Segment Open

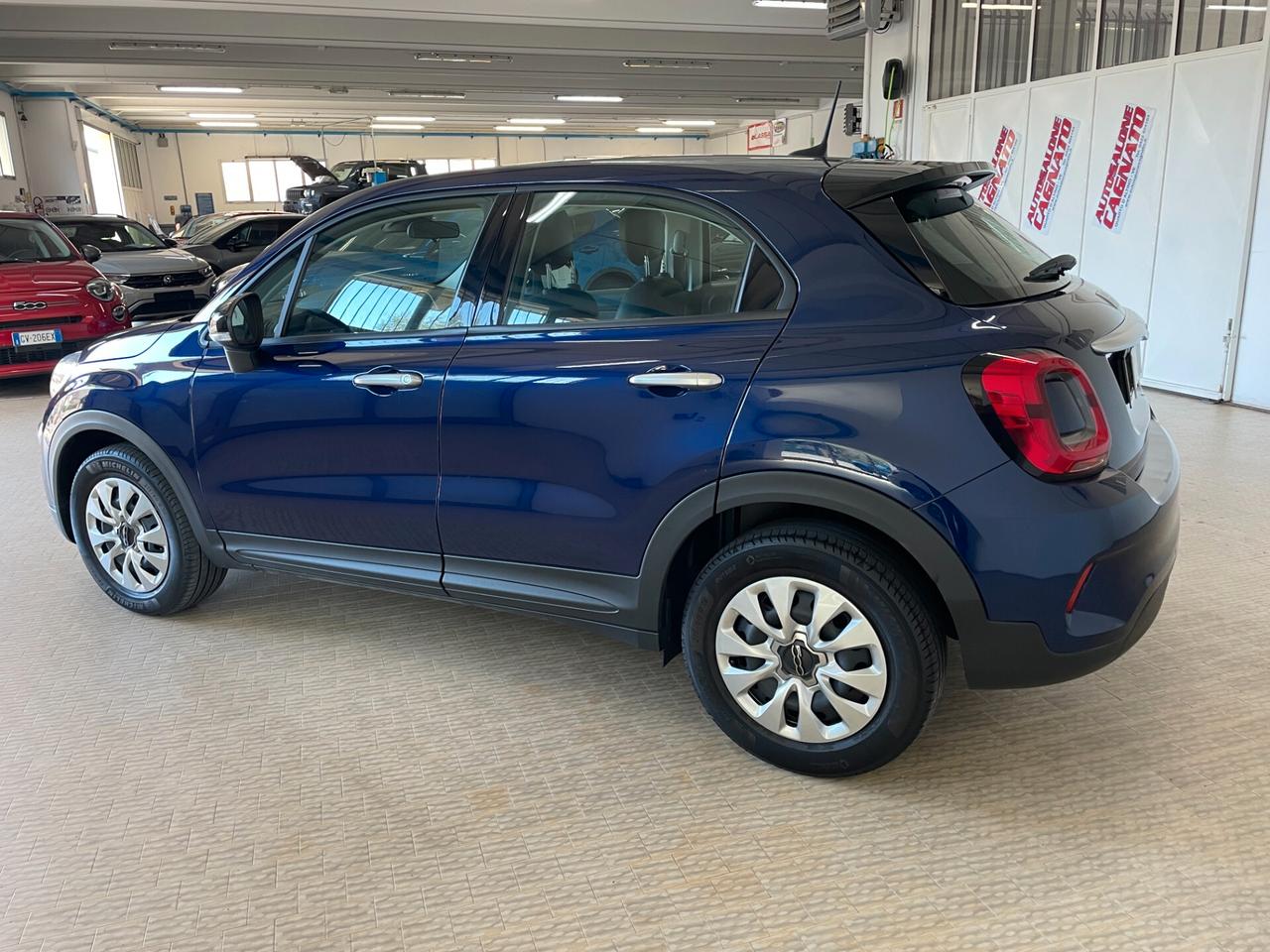 Fiat 500X 1.0 T3 120 CV Km 29000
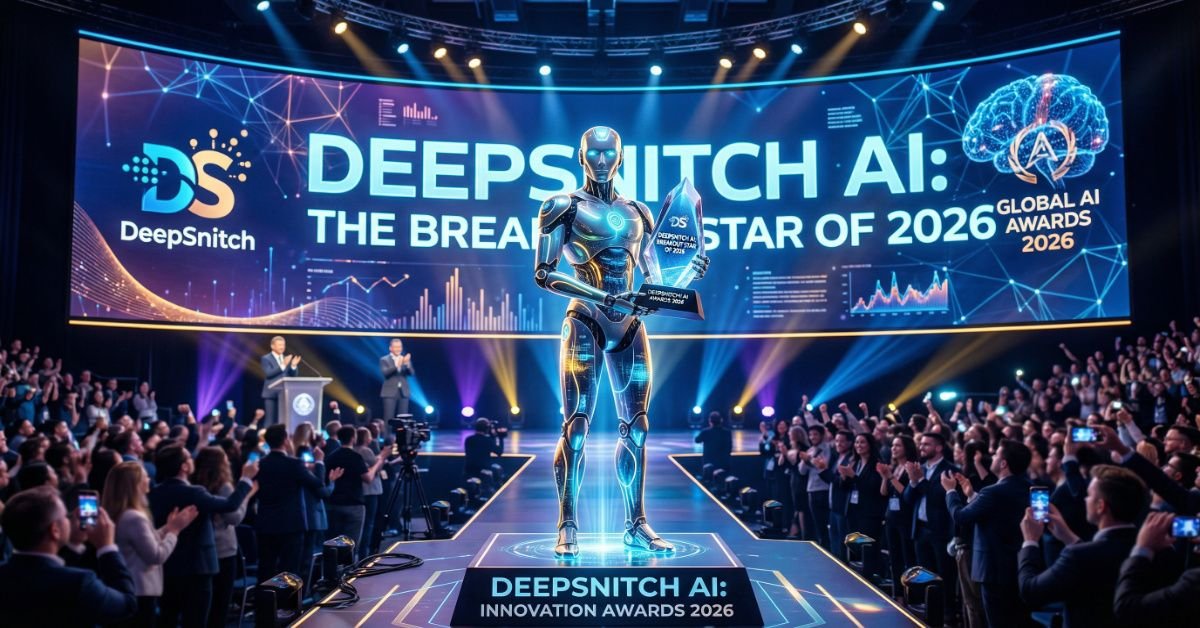 DeepSnitch AI: The Breakout Star of 2026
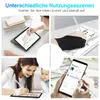 A collage of images showing a stylus pen being used for drawing on tablets and phones, with a mother and child also using a tablet. Produktbild-Vorschau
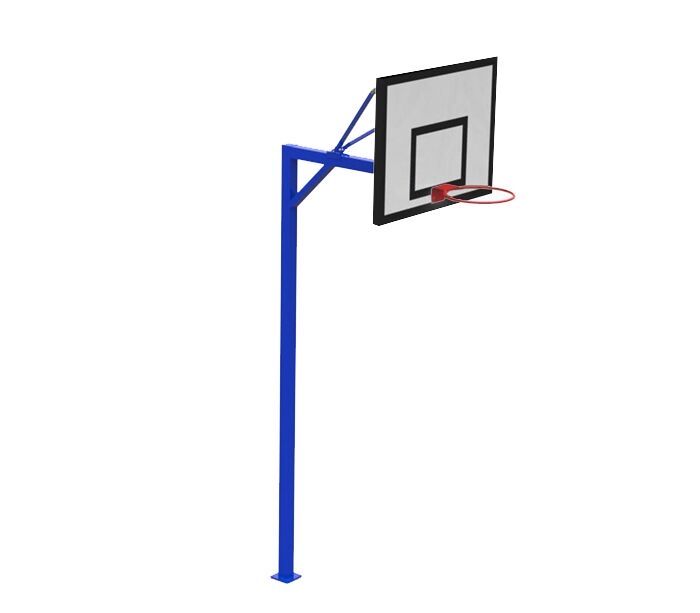 Стойки баскетбольные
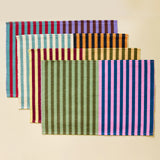 Duo Stripe Placemats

Segment Closed

Problem requirements.
Copy out exactly the lines between the line that contains "DeepSnitch AI: The Breakout Star of 2026" and the last line of the records, both ends included; leave out every picture.

Reply to the task.
 DeepSnitch AI: The Breakout Star of 2026
 A collage of images showing a stylus pen being used for drawing on tablets and phones, with a mother and child also using a tablet. Produktbild-Vorschau
 Стойки баскетбольные
 Duo Stripe Placemats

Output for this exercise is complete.